(Records from a data collection)
━━━━━━━━━━━━━━━━━━━━━━━━━━━━━━
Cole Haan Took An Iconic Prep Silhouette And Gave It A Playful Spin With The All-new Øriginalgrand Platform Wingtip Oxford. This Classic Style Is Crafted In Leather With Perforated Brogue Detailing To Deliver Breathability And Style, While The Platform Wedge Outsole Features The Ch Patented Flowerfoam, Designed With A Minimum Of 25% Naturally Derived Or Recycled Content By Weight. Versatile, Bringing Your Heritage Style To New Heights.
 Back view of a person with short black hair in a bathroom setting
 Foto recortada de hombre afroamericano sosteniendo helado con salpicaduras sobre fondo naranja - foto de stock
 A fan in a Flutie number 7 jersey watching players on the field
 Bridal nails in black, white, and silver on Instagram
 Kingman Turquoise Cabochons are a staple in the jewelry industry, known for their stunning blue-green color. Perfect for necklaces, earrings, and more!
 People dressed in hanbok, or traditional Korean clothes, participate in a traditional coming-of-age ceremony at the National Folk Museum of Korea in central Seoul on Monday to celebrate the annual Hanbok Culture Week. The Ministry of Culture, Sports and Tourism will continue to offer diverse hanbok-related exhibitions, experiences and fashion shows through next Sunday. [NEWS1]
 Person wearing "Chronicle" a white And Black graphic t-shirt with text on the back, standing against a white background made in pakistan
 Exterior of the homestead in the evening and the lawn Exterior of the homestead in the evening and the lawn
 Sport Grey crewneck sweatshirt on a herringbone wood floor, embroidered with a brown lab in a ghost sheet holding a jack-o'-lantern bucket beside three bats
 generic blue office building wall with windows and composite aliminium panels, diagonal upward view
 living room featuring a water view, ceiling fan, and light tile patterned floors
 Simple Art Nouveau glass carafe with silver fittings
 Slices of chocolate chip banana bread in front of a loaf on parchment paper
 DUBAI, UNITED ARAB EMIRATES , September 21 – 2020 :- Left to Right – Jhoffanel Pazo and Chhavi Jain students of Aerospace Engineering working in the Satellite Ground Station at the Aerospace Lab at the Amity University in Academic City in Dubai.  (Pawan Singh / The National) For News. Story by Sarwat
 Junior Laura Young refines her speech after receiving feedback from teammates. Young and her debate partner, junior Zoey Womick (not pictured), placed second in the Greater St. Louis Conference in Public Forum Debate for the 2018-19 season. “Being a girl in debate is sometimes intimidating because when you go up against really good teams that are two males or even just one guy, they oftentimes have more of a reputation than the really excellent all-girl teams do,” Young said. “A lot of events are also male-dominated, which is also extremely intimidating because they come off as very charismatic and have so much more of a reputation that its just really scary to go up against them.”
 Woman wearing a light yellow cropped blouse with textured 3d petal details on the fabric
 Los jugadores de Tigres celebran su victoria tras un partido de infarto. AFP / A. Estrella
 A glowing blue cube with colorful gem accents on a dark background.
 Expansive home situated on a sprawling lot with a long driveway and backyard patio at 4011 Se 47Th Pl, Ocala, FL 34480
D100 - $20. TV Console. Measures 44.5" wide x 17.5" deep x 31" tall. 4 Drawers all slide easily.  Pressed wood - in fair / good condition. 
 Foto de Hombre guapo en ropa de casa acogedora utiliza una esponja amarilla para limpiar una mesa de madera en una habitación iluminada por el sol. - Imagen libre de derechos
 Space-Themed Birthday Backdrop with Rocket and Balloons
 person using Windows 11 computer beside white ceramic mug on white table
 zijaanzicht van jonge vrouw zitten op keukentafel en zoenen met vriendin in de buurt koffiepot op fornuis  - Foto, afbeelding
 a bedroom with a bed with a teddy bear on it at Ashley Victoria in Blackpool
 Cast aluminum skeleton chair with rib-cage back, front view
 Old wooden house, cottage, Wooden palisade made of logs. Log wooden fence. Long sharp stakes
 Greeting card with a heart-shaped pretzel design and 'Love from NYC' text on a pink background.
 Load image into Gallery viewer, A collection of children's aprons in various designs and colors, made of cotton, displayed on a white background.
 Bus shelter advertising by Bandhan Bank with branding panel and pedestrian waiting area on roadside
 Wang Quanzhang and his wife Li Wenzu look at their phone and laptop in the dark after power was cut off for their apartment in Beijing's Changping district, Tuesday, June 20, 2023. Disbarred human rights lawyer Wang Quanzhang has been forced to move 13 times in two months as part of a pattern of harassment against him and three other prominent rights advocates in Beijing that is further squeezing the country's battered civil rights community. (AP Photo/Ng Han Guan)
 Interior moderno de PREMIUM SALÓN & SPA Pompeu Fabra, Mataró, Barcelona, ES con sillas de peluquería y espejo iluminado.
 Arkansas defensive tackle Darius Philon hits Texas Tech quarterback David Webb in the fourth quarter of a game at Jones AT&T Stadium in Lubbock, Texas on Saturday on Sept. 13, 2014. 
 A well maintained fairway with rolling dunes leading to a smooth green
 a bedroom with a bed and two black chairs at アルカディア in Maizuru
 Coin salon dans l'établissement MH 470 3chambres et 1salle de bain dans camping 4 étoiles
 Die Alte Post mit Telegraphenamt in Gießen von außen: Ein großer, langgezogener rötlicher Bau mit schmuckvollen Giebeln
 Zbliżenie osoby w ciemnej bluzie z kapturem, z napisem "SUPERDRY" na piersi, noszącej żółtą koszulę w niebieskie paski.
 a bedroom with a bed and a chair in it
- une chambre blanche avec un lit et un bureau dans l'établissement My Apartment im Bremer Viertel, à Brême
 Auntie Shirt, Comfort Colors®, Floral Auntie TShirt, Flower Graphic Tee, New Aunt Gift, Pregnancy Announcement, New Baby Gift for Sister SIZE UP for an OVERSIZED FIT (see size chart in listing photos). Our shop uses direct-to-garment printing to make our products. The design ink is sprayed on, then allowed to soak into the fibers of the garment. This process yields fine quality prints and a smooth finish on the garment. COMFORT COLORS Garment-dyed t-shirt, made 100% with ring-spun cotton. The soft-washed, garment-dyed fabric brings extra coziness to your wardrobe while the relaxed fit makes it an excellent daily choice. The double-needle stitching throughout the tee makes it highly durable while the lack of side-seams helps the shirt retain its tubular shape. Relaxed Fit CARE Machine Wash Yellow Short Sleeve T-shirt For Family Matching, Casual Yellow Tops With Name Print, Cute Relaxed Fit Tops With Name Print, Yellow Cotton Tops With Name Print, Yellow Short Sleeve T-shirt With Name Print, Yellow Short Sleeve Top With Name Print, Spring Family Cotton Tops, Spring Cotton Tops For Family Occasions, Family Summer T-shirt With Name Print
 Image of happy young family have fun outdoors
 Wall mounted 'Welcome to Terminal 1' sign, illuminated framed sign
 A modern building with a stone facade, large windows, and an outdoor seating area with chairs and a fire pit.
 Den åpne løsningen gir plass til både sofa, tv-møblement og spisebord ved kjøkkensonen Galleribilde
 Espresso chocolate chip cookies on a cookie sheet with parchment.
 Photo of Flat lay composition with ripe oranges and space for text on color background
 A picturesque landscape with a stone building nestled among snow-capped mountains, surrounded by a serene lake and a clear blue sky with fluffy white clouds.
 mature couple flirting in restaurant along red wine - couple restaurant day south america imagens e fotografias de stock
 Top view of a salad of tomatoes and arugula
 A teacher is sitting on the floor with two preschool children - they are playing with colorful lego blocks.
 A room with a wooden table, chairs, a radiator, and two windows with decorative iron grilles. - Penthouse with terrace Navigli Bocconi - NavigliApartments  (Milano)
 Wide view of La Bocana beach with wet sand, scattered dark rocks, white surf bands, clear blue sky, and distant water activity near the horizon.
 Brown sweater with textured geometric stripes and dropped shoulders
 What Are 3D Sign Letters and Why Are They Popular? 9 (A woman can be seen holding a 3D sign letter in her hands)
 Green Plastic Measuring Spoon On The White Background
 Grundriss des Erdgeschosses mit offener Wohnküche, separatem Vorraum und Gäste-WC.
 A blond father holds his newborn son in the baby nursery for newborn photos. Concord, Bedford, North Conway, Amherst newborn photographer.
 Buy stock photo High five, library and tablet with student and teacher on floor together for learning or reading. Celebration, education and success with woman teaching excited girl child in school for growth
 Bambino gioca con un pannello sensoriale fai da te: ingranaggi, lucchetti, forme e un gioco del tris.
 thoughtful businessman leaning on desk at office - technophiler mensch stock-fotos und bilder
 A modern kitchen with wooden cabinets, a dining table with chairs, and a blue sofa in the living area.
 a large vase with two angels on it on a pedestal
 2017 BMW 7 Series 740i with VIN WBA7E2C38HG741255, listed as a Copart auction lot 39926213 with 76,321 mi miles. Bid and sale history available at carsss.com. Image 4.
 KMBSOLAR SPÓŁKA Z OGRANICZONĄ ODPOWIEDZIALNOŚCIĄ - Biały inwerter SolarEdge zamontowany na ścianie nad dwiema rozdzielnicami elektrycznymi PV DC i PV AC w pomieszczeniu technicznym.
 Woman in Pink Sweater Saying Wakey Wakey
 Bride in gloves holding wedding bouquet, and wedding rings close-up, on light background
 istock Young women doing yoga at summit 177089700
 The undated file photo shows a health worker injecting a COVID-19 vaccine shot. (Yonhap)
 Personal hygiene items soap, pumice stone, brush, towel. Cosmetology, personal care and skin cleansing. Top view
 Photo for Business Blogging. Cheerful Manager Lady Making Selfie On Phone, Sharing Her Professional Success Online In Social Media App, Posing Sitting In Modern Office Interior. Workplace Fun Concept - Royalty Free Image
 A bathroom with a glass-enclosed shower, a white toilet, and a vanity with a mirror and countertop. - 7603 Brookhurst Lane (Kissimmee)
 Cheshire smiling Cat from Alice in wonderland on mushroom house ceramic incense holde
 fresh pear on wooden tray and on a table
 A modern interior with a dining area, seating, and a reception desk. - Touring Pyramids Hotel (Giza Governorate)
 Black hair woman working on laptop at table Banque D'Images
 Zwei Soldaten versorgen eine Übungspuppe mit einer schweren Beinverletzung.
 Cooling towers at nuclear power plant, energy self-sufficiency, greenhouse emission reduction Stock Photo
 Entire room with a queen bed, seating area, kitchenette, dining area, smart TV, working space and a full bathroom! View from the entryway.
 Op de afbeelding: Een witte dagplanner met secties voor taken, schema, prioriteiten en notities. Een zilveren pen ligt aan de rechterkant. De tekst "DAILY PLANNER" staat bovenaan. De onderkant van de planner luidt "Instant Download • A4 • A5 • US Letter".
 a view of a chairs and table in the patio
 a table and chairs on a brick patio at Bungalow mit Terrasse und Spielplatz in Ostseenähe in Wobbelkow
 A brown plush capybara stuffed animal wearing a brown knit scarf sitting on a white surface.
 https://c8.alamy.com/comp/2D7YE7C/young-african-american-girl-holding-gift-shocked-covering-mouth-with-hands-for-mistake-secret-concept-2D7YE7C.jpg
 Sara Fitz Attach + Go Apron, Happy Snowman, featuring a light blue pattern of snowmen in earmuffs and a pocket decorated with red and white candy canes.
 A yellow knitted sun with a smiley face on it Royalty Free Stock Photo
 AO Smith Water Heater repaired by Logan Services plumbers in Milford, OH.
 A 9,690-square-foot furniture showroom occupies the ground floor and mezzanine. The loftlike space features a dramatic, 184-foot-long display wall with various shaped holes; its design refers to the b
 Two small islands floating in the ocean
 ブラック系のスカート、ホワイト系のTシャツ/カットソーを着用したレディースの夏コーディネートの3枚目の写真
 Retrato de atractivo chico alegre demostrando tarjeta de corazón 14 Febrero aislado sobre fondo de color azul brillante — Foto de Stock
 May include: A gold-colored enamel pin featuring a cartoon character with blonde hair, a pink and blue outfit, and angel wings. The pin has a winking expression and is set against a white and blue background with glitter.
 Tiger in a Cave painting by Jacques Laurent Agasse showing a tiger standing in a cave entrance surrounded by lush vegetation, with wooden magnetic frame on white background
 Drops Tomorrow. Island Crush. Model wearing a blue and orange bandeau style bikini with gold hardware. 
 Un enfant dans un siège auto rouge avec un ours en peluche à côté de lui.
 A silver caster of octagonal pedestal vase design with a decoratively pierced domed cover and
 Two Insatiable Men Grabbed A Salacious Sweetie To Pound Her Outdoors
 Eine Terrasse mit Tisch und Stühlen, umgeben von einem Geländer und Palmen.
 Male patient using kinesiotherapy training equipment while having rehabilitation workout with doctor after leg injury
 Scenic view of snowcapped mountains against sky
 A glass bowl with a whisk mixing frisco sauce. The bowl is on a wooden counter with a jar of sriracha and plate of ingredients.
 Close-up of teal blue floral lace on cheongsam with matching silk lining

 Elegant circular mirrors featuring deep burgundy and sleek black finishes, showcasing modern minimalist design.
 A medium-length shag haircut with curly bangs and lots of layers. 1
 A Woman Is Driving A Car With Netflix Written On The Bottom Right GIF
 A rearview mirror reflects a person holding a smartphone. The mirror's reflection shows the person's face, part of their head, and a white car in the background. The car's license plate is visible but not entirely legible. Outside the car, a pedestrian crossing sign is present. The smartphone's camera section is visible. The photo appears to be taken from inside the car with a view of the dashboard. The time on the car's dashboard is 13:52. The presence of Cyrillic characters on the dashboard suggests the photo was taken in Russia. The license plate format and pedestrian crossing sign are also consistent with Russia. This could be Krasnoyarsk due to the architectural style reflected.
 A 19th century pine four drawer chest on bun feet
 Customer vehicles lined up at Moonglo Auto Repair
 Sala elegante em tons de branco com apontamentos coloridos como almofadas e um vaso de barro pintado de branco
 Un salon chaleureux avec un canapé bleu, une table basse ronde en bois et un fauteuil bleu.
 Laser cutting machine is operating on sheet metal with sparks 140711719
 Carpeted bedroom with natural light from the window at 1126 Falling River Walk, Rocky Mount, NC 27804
━━━━━━━━━━━━━━━━━━━━━━━━━━━━━━
A single number is the whole answer: the count of lines above that hold "featuring".

> Response area: 4